[Raw data Boundary: Start]

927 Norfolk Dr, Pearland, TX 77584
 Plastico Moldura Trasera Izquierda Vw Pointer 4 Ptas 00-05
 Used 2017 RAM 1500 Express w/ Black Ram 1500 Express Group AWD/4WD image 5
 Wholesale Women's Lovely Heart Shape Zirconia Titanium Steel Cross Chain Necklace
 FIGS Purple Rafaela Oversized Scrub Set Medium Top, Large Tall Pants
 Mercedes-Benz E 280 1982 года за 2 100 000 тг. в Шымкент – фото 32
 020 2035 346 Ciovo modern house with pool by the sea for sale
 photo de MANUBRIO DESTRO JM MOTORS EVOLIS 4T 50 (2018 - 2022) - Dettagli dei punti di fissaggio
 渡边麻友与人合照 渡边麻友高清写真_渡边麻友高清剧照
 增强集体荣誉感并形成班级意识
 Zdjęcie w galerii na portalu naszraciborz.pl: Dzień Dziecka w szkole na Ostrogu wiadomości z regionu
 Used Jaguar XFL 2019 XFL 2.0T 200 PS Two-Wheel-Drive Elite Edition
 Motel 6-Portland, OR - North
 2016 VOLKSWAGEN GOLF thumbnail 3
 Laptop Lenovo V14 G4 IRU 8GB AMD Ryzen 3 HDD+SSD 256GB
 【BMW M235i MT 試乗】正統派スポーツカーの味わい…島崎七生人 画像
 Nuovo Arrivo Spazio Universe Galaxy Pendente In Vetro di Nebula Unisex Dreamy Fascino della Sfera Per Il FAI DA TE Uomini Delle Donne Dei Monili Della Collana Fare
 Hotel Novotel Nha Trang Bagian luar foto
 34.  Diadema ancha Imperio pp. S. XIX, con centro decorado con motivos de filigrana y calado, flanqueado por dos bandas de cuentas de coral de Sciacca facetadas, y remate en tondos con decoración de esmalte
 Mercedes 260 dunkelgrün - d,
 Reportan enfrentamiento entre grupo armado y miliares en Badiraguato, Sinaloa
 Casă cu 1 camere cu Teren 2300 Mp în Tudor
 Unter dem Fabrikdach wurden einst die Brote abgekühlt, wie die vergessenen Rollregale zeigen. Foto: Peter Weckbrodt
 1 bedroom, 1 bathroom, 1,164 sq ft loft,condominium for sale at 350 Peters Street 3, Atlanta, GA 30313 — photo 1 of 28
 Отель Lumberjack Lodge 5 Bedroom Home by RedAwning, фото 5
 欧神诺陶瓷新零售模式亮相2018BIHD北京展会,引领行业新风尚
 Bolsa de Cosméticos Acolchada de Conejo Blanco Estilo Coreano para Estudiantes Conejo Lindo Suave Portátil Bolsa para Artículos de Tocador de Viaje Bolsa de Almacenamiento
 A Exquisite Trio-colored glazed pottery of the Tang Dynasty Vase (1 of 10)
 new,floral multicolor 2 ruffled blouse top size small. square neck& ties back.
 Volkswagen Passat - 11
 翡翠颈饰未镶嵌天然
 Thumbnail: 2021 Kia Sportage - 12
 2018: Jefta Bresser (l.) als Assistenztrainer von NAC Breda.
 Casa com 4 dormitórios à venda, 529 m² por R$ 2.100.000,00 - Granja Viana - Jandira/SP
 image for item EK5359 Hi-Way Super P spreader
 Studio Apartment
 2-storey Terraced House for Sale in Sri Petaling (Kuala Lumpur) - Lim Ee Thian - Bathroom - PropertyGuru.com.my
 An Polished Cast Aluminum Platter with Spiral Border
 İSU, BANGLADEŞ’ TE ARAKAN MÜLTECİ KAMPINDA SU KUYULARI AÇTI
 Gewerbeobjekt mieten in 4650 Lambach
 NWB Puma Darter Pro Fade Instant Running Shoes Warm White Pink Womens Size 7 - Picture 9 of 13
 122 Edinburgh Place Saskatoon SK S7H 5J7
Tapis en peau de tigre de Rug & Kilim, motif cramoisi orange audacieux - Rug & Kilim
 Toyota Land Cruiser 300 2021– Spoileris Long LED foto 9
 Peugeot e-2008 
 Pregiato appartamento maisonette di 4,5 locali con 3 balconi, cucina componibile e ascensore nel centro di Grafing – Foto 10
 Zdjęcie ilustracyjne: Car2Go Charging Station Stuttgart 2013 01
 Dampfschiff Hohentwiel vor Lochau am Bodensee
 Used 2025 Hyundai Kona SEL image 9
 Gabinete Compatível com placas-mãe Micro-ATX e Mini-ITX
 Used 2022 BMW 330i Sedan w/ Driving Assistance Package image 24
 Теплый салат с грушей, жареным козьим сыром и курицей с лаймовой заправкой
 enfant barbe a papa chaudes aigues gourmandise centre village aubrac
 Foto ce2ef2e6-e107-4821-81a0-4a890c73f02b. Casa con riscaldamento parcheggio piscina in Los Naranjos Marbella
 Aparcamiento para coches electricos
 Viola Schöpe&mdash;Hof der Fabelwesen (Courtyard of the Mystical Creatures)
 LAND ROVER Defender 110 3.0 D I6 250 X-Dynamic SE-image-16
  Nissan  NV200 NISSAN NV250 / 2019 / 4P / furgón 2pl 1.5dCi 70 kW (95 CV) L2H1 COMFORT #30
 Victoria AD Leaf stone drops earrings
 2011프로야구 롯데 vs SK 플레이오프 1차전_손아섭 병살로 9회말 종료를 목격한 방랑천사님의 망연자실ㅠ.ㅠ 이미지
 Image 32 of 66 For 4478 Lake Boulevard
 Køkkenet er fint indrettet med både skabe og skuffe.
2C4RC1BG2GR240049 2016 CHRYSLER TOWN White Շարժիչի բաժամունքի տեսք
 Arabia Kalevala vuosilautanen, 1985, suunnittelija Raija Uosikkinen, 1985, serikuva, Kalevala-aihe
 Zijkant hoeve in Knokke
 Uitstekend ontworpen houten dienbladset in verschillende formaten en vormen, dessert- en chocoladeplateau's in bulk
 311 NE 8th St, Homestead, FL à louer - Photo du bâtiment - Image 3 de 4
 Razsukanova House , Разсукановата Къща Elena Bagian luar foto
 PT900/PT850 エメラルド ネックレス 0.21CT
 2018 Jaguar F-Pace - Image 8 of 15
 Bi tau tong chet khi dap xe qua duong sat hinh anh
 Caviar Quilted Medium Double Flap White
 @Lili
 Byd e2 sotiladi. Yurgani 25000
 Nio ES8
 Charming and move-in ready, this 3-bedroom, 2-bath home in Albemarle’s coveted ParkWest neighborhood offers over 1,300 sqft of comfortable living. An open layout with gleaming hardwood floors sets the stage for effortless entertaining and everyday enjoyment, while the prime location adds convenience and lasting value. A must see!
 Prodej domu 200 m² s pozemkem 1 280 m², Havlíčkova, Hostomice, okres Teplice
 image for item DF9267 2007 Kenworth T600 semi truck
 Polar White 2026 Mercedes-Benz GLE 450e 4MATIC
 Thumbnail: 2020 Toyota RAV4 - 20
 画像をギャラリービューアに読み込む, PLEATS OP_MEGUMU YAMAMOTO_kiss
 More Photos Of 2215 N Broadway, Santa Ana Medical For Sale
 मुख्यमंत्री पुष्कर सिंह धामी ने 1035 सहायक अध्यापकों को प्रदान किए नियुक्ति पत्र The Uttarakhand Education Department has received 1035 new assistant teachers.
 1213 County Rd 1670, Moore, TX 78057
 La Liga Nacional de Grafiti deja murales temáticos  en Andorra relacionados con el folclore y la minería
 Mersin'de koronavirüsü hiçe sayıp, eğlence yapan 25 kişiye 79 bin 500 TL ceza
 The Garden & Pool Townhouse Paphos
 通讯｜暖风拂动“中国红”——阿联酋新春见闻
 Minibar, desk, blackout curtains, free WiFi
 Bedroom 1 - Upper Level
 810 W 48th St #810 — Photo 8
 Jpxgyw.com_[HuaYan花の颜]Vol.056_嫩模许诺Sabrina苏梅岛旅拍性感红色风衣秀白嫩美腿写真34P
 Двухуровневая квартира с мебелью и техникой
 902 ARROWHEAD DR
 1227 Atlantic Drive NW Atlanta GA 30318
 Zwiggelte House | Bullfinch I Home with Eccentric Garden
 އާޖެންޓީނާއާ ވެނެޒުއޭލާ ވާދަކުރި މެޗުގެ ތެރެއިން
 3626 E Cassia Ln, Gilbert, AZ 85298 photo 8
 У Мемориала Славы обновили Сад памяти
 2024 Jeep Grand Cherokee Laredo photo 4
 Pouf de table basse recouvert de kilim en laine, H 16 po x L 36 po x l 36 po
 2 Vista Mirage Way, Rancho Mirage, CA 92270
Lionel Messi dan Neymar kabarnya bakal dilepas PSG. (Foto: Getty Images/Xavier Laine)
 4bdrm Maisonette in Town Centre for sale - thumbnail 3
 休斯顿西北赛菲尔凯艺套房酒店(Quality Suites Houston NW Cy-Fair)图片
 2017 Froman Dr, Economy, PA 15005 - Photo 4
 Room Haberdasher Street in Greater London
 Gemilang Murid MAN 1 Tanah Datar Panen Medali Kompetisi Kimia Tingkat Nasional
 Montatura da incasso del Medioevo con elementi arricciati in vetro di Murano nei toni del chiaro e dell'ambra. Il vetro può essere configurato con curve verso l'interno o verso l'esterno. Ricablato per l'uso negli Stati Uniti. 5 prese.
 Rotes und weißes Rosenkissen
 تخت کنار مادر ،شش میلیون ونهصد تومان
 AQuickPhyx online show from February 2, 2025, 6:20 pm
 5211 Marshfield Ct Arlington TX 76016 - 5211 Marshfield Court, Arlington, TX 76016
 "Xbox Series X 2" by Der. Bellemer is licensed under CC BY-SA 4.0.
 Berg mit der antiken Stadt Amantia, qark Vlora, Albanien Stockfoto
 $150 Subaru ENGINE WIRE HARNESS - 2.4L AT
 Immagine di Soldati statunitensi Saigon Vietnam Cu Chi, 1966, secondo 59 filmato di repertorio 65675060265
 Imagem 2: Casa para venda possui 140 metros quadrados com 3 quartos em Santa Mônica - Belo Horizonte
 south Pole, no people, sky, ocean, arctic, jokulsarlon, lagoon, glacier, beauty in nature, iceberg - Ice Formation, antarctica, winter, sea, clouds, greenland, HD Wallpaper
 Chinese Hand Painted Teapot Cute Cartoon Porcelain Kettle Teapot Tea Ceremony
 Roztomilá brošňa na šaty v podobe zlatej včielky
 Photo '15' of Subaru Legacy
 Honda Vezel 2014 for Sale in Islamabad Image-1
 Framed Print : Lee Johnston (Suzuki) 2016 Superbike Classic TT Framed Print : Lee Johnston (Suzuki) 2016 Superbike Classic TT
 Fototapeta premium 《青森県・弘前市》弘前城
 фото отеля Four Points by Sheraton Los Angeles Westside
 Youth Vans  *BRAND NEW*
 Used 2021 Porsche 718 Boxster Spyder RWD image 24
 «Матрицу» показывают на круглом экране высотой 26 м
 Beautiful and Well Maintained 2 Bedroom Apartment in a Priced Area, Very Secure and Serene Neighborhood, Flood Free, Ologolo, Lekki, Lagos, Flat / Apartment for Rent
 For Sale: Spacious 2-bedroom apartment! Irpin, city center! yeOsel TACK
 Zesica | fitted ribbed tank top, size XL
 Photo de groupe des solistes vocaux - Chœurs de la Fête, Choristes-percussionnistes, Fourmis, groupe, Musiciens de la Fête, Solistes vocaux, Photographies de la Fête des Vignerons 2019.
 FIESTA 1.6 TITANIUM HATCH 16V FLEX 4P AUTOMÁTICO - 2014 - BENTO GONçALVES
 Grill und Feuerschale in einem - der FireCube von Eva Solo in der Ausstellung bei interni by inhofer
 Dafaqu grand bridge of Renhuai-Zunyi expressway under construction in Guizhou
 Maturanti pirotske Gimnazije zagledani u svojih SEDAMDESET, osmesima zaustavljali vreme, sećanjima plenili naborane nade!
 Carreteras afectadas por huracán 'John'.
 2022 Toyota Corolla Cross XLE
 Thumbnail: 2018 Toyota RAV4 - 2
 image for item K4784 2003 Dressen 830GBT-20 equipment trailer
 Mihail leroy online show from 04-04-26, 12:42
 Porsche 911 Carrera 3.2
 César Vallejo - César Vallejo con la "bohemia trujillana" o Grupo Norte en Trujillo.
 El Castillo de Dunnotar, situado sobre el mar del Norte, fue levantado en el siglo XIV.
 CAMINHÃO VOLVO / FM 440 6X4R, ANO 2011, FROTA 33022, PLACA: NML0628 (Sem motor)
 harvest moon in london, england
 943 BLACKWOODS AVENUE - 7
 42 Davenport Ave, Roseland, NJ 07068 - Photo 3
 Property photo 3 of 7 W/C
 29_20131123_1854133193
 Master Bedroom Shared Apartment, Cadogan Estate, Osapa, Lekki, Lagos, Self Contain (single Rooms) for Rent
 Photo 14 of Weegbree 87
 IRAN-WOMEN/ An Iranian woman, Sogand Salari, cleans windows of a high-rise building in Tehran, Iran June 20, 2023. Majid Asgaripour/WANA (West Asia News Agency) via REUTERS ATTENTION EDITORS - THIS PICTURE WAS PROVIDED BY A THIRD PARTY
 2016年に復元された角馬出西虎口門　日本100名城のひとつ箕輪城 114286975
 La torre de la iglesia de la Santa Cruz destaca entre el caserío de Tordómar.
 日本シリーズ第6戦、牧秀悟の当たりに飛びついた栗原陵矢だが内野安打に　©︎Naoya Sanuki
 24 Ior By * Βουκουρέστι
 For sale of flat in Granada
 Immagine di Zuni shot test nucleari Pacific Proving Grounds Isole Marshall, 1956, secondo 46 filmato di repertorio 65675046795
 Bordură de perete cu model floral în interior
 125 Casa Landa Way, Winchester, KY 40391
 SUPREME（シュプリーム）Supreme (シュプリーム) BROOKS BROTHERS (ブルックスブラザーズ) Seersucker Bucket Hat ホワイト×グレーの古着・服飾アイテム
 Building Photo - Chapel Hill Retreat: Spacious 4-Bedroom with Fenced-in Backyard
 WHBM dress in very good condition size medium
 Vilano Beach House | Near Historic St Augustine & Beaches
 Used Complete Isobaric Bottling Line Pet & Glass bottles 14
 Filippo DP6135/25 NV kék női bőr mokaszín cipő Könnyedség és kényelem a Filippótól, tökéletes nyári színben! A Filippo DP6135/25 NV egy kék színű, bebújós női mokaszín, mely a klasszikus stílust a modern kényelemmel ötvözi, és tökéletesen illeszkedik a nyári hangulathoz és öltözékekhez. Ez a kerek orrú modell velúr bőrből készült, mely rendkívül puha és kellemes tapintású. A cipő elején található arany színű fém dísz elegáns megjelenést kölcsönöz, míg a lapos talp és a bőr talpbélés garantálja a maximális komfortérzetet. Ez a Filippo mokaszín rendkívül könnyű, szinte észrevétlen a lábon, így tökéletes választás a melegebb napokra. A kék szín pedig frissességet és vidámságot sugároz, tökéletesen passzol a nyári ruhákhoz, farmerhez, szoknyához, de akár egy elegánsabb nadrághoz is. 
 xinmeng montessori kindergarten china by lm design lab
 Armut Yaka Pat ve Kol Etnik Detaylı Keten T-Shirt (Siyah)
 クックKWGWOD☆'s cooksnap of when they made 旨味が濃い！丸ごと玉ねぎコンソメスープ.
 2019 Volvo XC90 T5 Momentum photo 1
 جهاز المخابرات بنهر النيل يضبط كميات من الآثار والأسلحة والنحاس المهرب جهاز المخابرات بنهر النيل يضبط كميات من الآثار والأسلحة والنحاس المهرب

[Raw data Boundary: End]

• **What this task involves**: Using the entries above, give back exactly the line containing "Pregiato appartamento maisonette", the line containing "Used 2022 BMW", and every line between them, and nothing else.

• **Reply**:
 Pregiato appartamento maisonette di 4,5 locali con 3 balconi, cucina componibile e ascensore nel centro di Grafing – Foto 10
 Zdjęcie ilustracyjne: Car2Go Charging Station Stuttgart 2013 01
 Dampfschiff Hohentwiel vor Lochau am Bodensee
 Used 2025 Hyundai Kona SEL image 9
 Gabinete Compatível com placas-mãe Micro-ATX e Mini-ITX
 Used 2022 BMW 330i Sedan w/ Driving Assistance Package image 24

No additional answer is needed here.